731 S.W.2d 393 | Mo. Ct. App. | 1987

STEPHAN, Judge.

Plaintiff Ervin Noll, having suffered serious bodily injury in a single-car accident, successfully sued Scott Stark, the car’s driver, for damages. Safeco Insurance Company paid plaintiff $25,000.00 of the $250,000.00 judgment on behalf of Nancy Percival, the car’s owner. Plaintiff seeks the remaining $225,000.00 from defendant Shelter Insurance under the provisions of two automobile insurance policies Shelter issued to Scott Stark’s father, Leonard Stark. The trial court has determined Shelter is not liable to plaintiff under the policies. Plaintiff appeals. We reverse.1

Because Shelter’s insured, Leonard Stark, did not own the car involved in this accident, Shelter’s liability to plaintiff, if any, is delineated by the following lan*395guage, which appears in both of Stark’s policies:

4. Persons Insured — With respect to the insurance afforded [for bodily injury], the following are insureds: ...
... (b) With respect to a non-owned automobile, (1) the named insured and, if an individual, his spouse, provided his or her actual operation or (if he or she is not operating) the other actual use thereof by the named insured or his spouse is with the permission, or reasonably believed to be with the permission, of the owner of such automobile and is within the scope of such permission, and (2) any other person or organization not owning or hiring the automobile, but only with respect to his or its liability because of acts or omissions of the named insured or his spouse under (b)(1) above.

Plaintiff asserts Scott Stark was an insured operator of a non-owned automobile within the meaning of this paragraph. Shelter asserts he is not, arguing that only the named insured, his spouse, and any other person vicariously liable for the named insured’s or his spouse’s tortious operation or use of a non-owned vehicle are afforded coverage.
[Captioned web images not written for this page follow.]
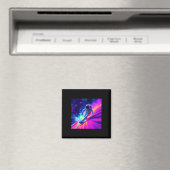 Astronaut surft auf kosmischer Regenbogenwelle Gra Magnet (In Situ (Geschirrspüler))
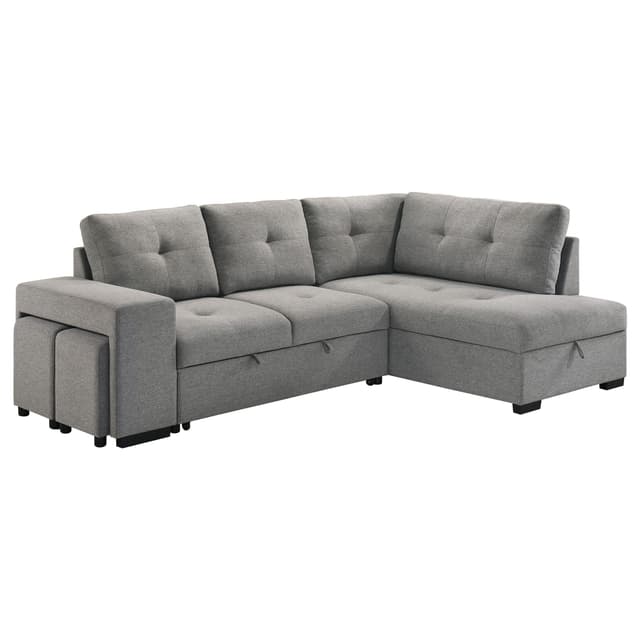 Roanne Fabric Upholstered Sleeper Sectional Sofa Grey — photo 5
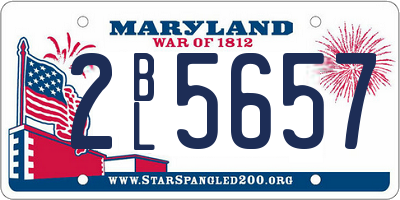 MD license plate 2BL5657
Because an insurance policy is designed to furnish protection, it should be construed so as to accomplish that object, not defeat it. Meyer Jewelry Co. v. General Insurance Co. of America, 422 S.W.2d 617, 623 (Mo.1968). Therefore, if a policy’s provisions lend themselves to alternative interpretations, we will adopt the interpretation that affords greater coverage. To the extent that the above-quoted policy language is ambiguous we construe it most strongly against the insurer and accord to it its broadest reasonable interpretation. Id.
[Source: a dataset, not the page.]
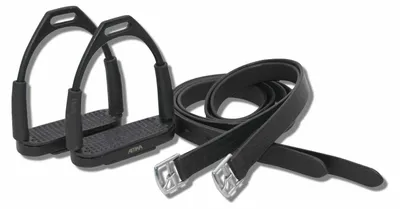 Produktbild von AMKA Steigbügel mit Gelenk schwarz Sicherheitssteigbügel mit Steigbügelriemen aus Leder im Set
Subsection (b)(1) of paragraph 4 provides Leonard Stark and his spouse liability coverage when they “operate” or “use” a car they do not own, so long as they operate it or use it with the owner’s permission, and within the scope of that permission. “Use”, as it appears in this subsection, is broad enough to embrace a situation where the named insured or his spouse permits another family member to drive a non-owned vehicle. See Royal Indemnity Co. v. Shull, 665 S.W.2d 345, 347 (Mo. banc 1984). It is undisputed that Nancy Percival lent her car to Leonard Stark so that members of his family could drive it while he was away with the family car. Thus, whenever a member of the Stark family drove the Percival car, Leonard Stark “used” it, within the meaning of subsection (b)(1). Consequently, if the family member’s driving was negligent, so was Leonard Stark’s use.

Because Scott Stark’s negligent operation of the Percival car may be considered a negligent “use” by Leonard Stark under subsection (b)(1), we believe Scott Stark may, within the meaning of subsection (b)(2), be considered a “person” whose liability to plaintiff arose “because of acts or omissions of the named insured or his spouse under (b)(1)”. As such, he is an insured operator under both of Leonard Stark’s policies.

The judgment is reversed.

GARY M. GAERTNER, P.J., and SIMON, J., concur.

. Plaintiff also sued Alvin Donze, the agent who sold Leonard Stark the policies in question. The trial court entered judgment for Donze. Plaintiff does not challenge this aspect of the decision. The judgment for Alvin Donze accordingly is affirmed.